La tensione monta. Il capo della Lega fa recapitare a Di Maio due minacce. La prima: se Savona non sarà ministro, vorrà dire che non lo saranno neppure Giampiero Massolo e Enzo Moavero Milanesi. Il primo indicato agli Esteri e il secondo agli Affari europei. Spiegazione: senza l'economista no-euro manca equilibrio della squadra di governo, sparisce il contrappeso euroscettico ai due europeisti scelti dai grillini e benedetti dal Colle. La seconda minaccia: se non va Savona all'Economia, caro Luigi non avrai il super ministero allo Sviluppo economico e al Lavoro. Di Maio tentenna. Alla fine, dopo tre ore di trattativa serrata, accetta il compromesso: resta Savona, rimangono Massolo e Moavero, si fa l'accorpamento dei due dicasteri utile al leader grillino per vigilare sull'attuazione del reddito di cittadinanza. La bandiera a 5Stelle. Tant'è che Salvini, a sera, mette a verbale: «Savona è una garanzia per gli italiani perché a Bruxelles difenderà i loro interessi. 5Stelle e Lega insistono per lui». E Giorgetti in persona: «Il ministro dell'Economia sarà Savona». Il cerchio sembra chiuso (anche i 5Stelle annunciano di volere l'economista no-euro al Tesoro), ma così non è. L'ultima parola spetterà nei prossimi giorni a Mattarella che, in forza delle Costituzione, nomina i ministri. E una pista porta Savona nel ruolo di responsabile degli Affari europei: un contentino per la Lega. Di Maio si mostra al riguardo più realista del re: «Sono d'accordo con Salvini per Savona all'Economia, ma capiamo che c'è un'interlocuzione istituzionale. I nomi li decide il capo dello Stato di concerto con Conte».
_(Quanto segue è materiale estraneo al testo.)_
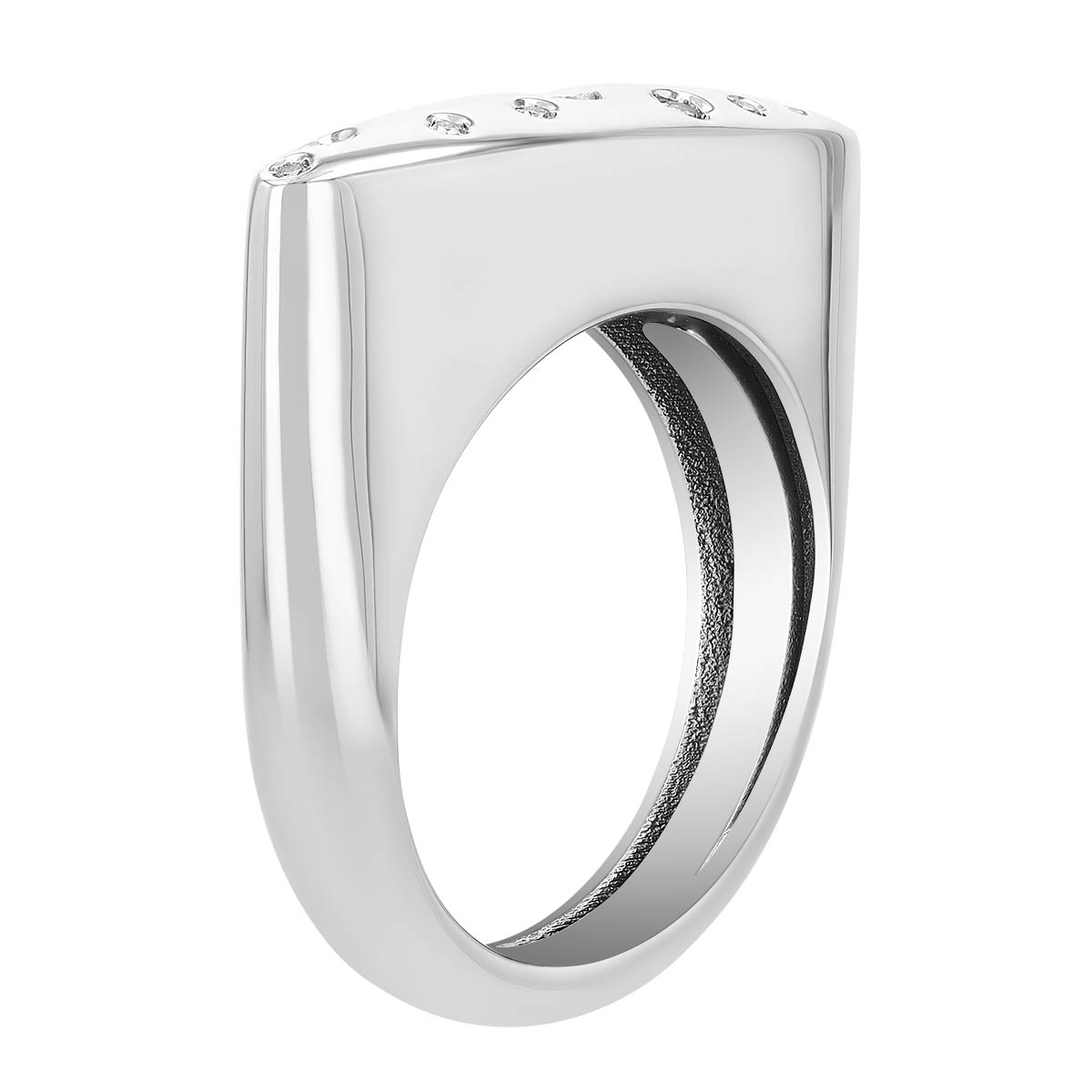 Pesavento Elegance Flush Set Diamond Scatter Ring in Sterling Silver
L'altro fronte caldo della trattativa sono le Infrastrutture e i Trasporti. È un ministero strategico per i grillini: serve per bloccare le grandi opere, a partire dalla Tav. Ma anche per la Lega: da questo dicastero dipende la Guardia costiera che coordina le operazioni di soccorso in mare dei migranti. Anche qui il braccio di ferro è aspro. I grillini propongono la no-Tav Laura Castelli o Mauro Coltorti. I leghisti rispondono con Lorenzo Fontana. Alla fine potrebbe andarci il solito Giorgetti (che in questa ipotesi non andrebbe a fare il sottosegretario alla presidenza del Consiglio), per una questione di equilibri interni ai lumbard. Si vedrà: la partita si chiuderà solo sabato, se non lunedì, con il giuramento al Quirinale dell'intero governo.
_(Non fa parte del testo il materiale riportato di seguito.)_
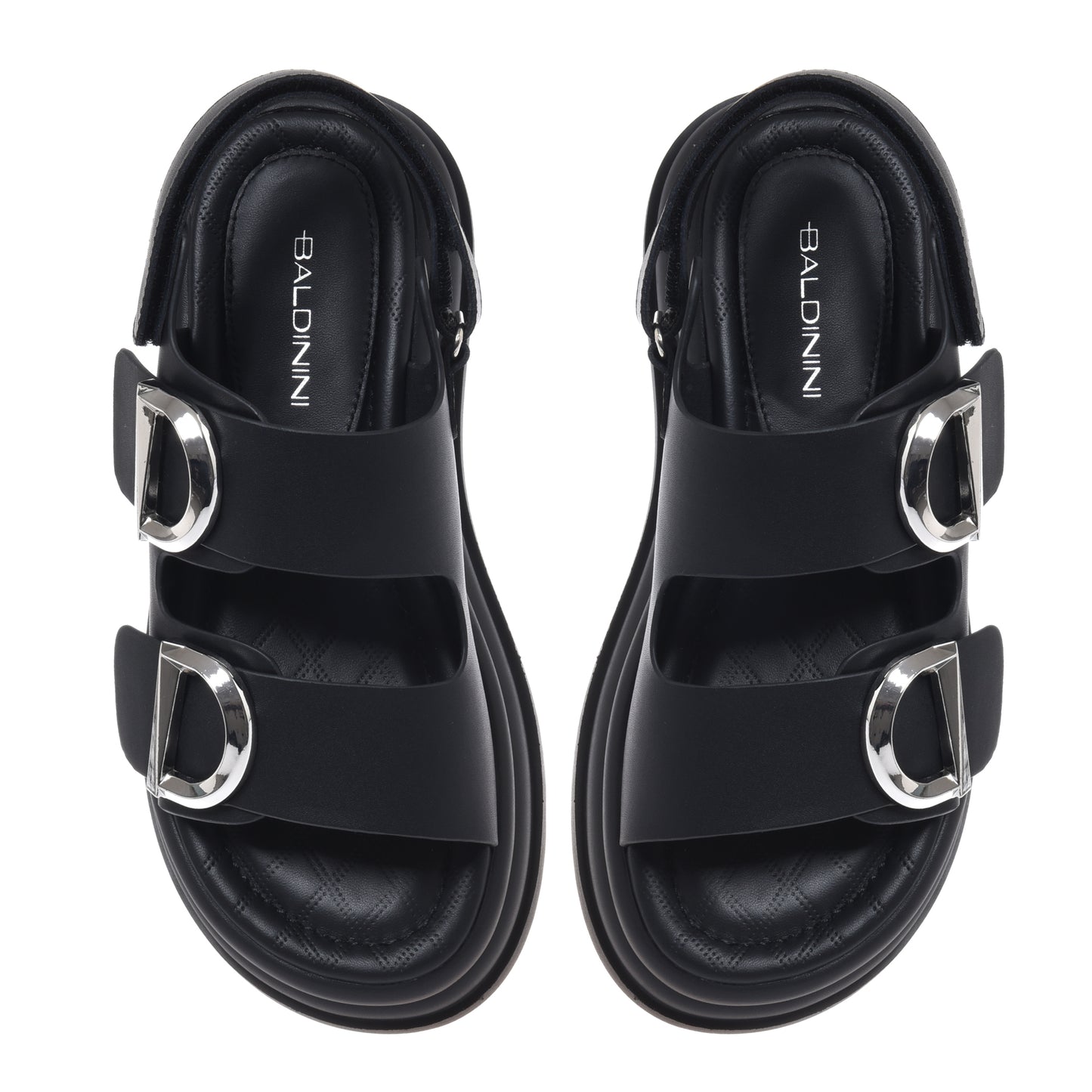 Black leather sandal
C'è poi il nodo del comparto sicurezza. Salvini ha prenotato gli Interni per sé e i Servizi segreti per Giorgetti, se andrà a fare il sottosegretario a palazzo Chigi e non il ministro all'Economia o alle Infrastrutture. Il Colle però ha fatto sapere che se questo è lo schema, la Difesa non può essere appannaggio della Lega che chiede «mani libere» e lancia slogan legge e ordine. Così si fa sempre più forte l'ipotesi che il controllo delle Forze Armate vada ai 5Stelle con Elisabetta Trenta, docente di sicurezza e intelligence indicata da Di Maio nel governo grillino presentato prima delle elezioni.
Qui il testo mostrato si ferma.